DATASET ENTRIES:

☆ ☆ ☆

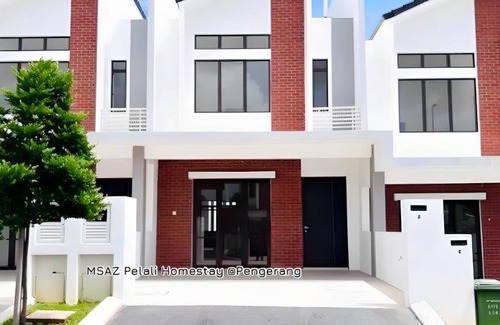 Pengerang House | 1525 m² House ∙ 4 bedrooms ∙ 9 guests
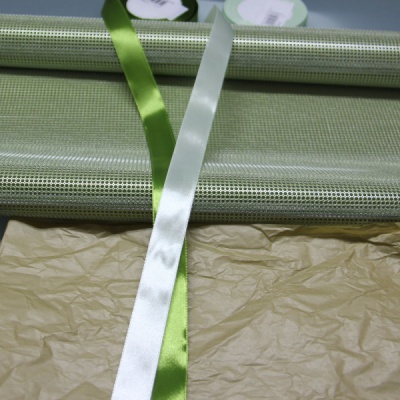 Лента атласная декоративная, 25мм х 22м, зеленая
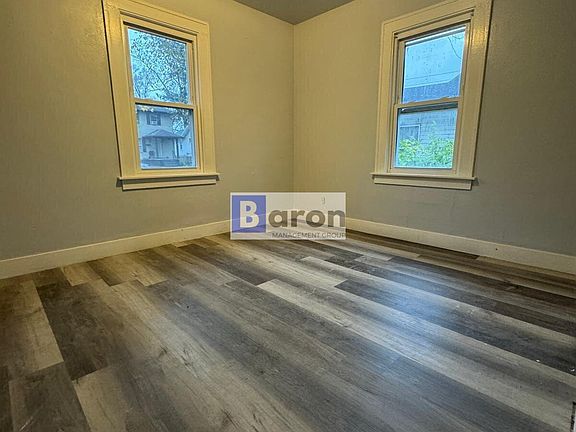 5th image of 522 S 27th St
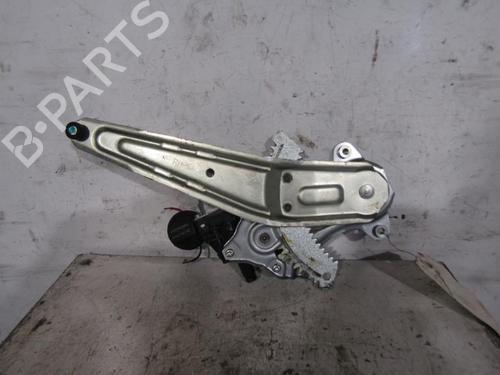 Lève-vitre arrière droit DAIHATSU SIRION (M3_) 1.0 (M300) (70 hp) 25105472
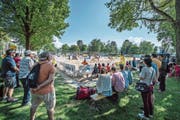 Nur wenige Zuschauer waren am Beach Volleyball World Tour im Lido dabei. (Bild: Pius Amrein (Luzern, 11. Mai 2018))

☆ ☆ ☆

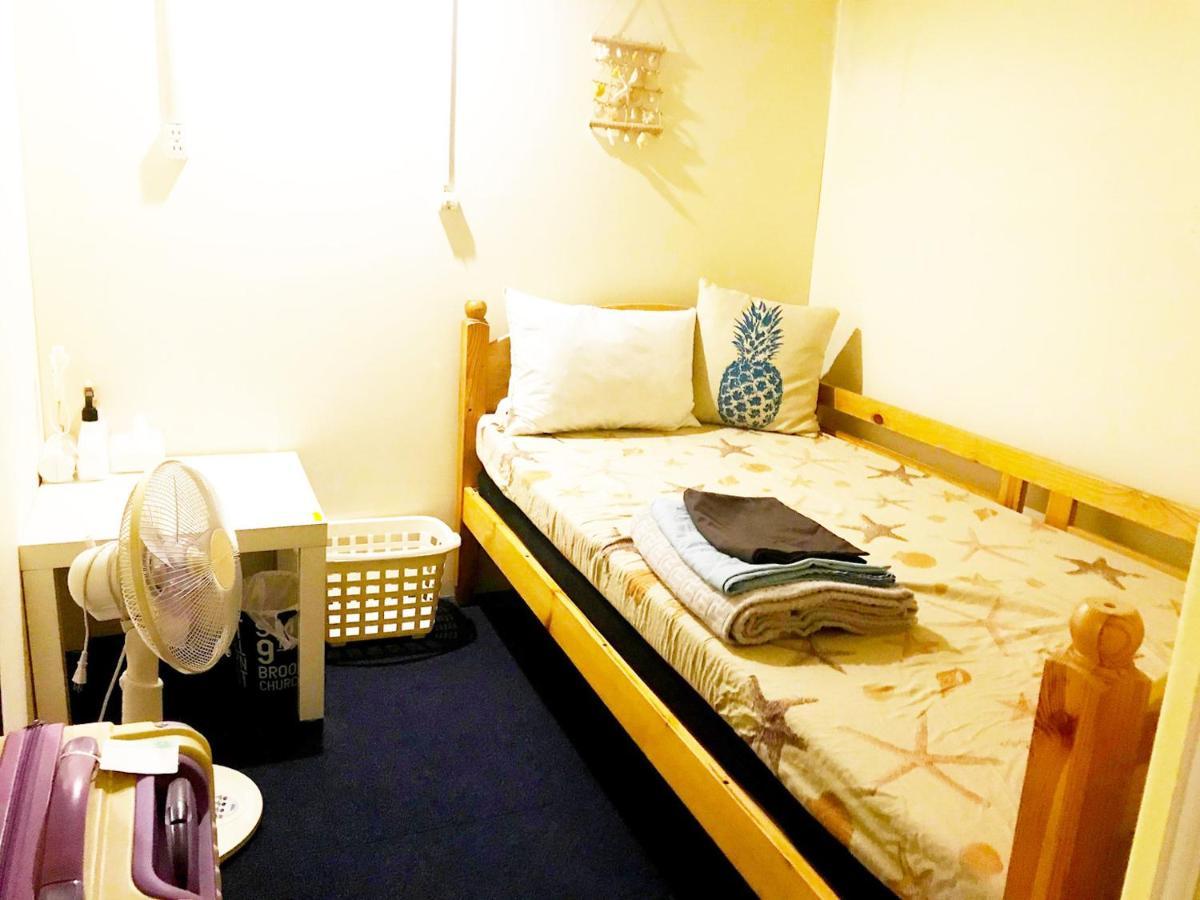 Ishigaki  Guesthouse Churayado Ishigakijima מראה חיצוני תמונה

☆ ☆ ☆

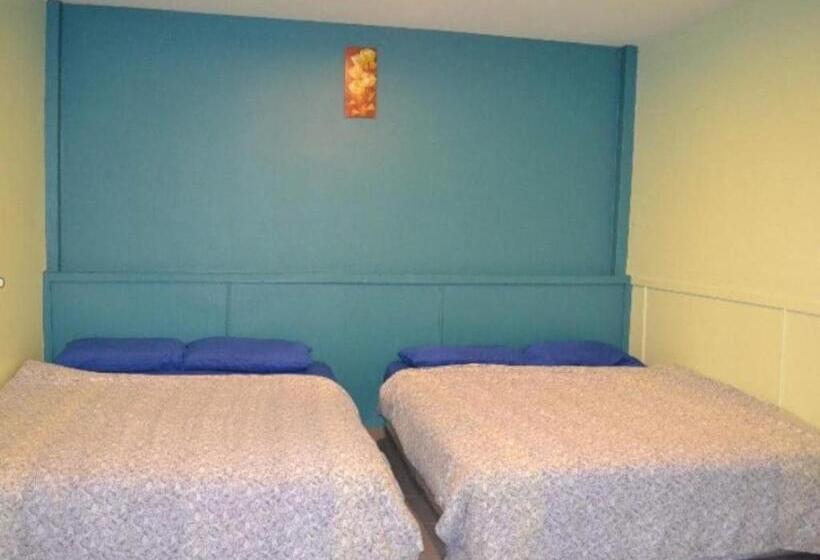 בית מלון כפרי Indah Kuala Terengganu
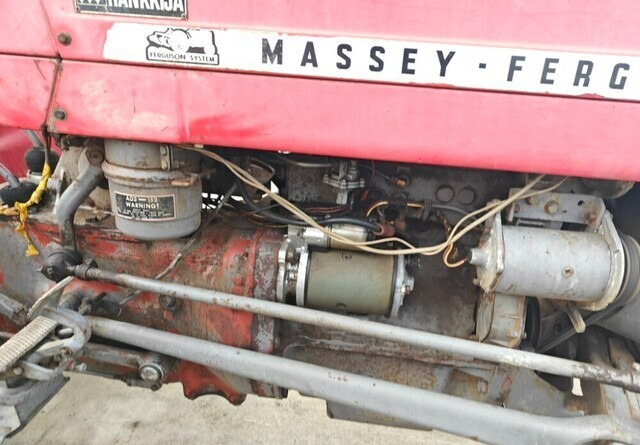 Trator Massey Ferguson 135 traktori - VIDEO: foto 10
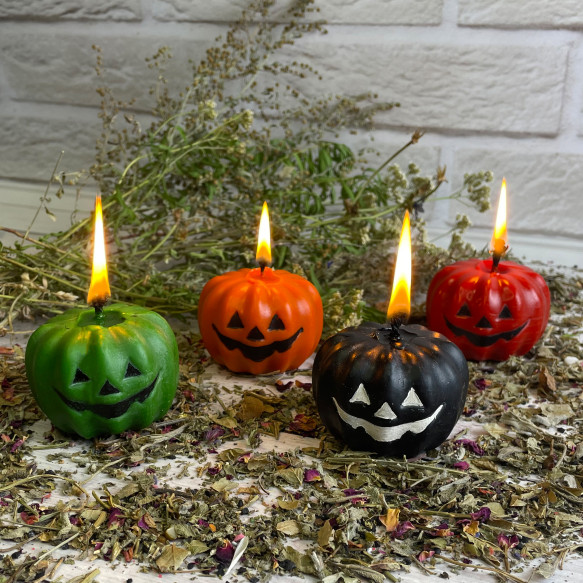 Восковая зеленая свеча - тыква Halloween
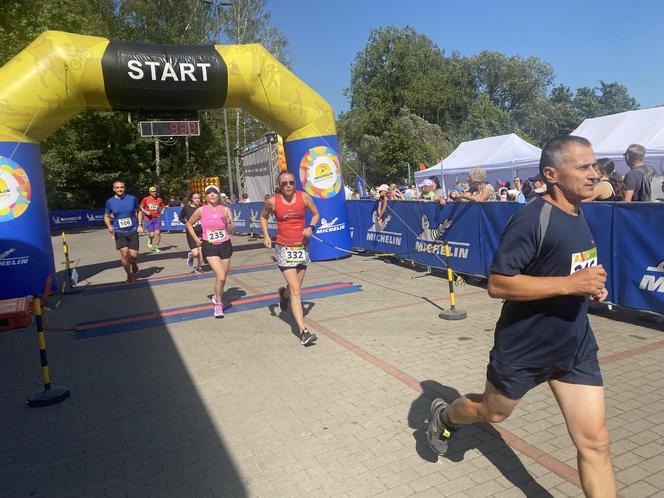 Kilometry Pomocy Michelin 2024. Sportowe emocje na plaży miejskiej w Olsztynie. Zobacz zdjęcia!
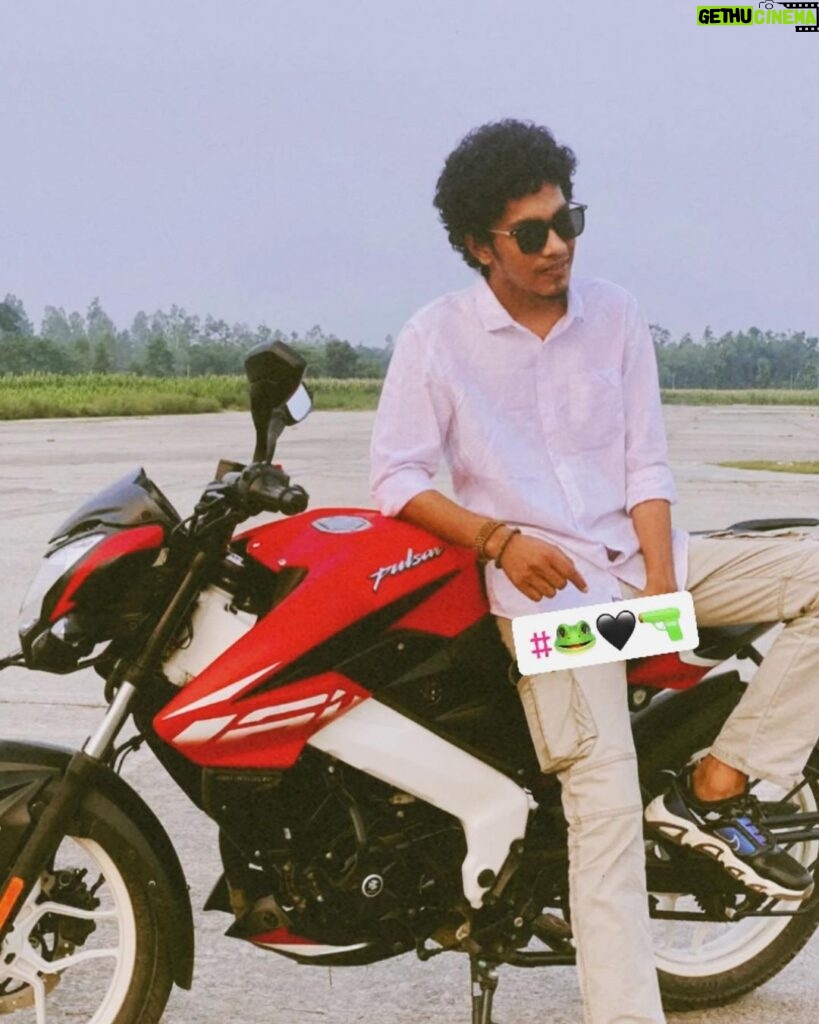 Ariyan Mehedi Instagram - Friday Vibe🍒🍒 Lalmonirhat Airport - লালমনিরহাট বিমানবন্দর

☆ ☆ ☆

PROBLEM DETAILS: Write down exactly what the lines above say, from the line holding "Восковая зеленая свеча - тыква Halloween" through the line holding "Ariyan Mehedi Instagram", and nothing more. Do not copy the pictures.

REPLY:
 Восковая зеленая свеча - тыква Halloween
 Kilometry Pomocy Michelin 2024. Sportowe emocje na plaży miejskiej w Olsztynie. Zobacz zdjęcia!
 Ariyan Mehedi Instagram - Friday Vibe🍒🍒 Lalmonirhat Airport - লালমনিরহাট বিমানবন্দর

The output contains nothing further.